Long-running series have an aversion to change. Which makes sense, since it’s hard to ditch the actors and plots that were working. But it is important to see the signs that they aren’t working anymore.

There are times when a character’s arc has come to an end. They’ve served their plot purpose and now it’s time for them to make a graceful exit. Keeping them around and trying to force the story to accommodate them does not work. It diminishes the character and confuses the plot.


For example, do you remember how long Heroes held on to Sylar? Now, I can imagine they didn’t want to lose Zachary Quinto, but the plot contortions the show went through to keep him around were absurd. Memory loss! Ghost! Resurrection! He was a villain, and a great one for a while. Defeat is the natural end to his story and it should have ended there.

But, why not avoid the problem of ending a character’s arc by never ending it? Just go around and around in circles until no one remembers what the point was anymore!

This is a miserable choice. Fiction requires a certain suspension of disbelief, but there is a certain point where the sheer number of obstacles facing main characters in their quests becomes untenable. Or, the fact that they haven’t succeeded forces the audience to conclude that the protagonists are incompetent.
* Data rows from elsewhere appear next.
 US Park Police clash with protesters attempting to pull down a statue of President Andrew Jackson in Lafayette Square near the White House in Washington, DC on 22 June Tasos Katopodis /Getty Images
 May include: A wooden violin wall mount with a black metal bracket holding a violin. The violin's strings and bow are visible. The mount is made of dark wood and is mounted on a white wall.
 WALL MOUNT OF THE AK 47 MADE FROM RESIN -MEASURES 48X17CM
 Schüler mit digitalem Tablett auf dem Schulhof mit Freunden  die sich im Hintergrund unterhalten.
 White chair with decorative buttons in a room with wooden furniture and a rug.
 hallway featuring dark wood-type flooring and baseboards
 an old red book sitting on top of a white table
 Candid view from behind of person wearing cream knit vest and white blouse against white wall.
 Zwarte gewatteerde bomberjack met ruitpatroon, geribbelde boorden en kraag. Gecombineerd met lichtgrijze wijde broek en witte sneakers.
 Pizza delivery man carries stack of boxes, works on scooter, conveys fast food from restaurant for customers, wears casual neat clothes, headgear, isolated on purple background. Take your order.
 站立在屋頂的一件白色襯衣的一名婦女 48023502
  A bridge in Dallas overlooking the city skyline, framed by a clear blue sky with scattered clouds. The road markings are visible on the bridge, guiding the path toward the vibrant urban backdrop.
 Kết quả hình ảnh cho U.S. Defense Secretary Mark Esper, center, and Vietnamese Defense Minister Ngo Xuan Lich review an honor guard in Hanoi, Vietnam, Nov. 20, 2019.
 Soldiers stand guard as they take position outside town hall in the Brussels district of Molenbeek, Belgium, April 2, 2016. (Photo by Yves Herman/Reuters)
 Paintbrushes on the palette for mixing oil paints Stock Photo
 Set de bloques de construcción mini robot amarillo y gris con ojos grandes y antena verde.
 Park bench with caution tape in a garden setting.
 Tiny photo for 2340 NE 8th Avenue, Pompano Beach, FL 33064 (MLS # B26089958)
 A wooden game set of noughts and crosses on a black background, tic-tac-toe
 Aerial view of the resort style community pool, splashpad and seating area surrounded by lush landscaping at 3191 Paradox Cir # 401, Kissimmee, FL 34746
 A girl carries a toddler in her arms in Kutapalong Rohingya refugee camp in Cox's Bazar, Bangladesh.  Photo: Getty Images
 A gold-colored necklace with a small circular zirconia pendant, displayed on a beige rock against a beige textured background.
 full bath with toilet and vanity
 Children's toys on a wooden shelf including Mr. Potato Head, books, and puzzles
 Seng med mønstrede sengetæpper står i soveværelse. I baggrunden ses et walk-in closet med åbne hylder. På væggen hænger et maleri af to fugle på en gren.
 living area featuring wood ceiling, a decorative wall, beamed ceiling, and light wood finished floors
This is becoming increasingly true on Once Upon a Time. It is time for the Charmings to ditch the spotlight, because they are, not to put too fine a point on it, the worst. I cannot believe that there has not been a bloody revolution overthrowing these royal idiots. Everything bad that happens is because of either some bad decision they made or a villain they pissed off. Quarantine them somewhere where the blowback can’t ricochet back onto innocent bystanders. Every single one of this season’s three episodes contains a misfortune befalling the dwarves that should send them into a proletarian rage.


The options aren’t always character carnage. Sometimes a character needs to die to move the story forward. Sometimes not. They can just transition into a less prevalent role. Serve as a guide to a new generation. Have a completely different story as a supporting character. Either way, the goal should be forward momentum, not a determination to do the same thing ad nauseam.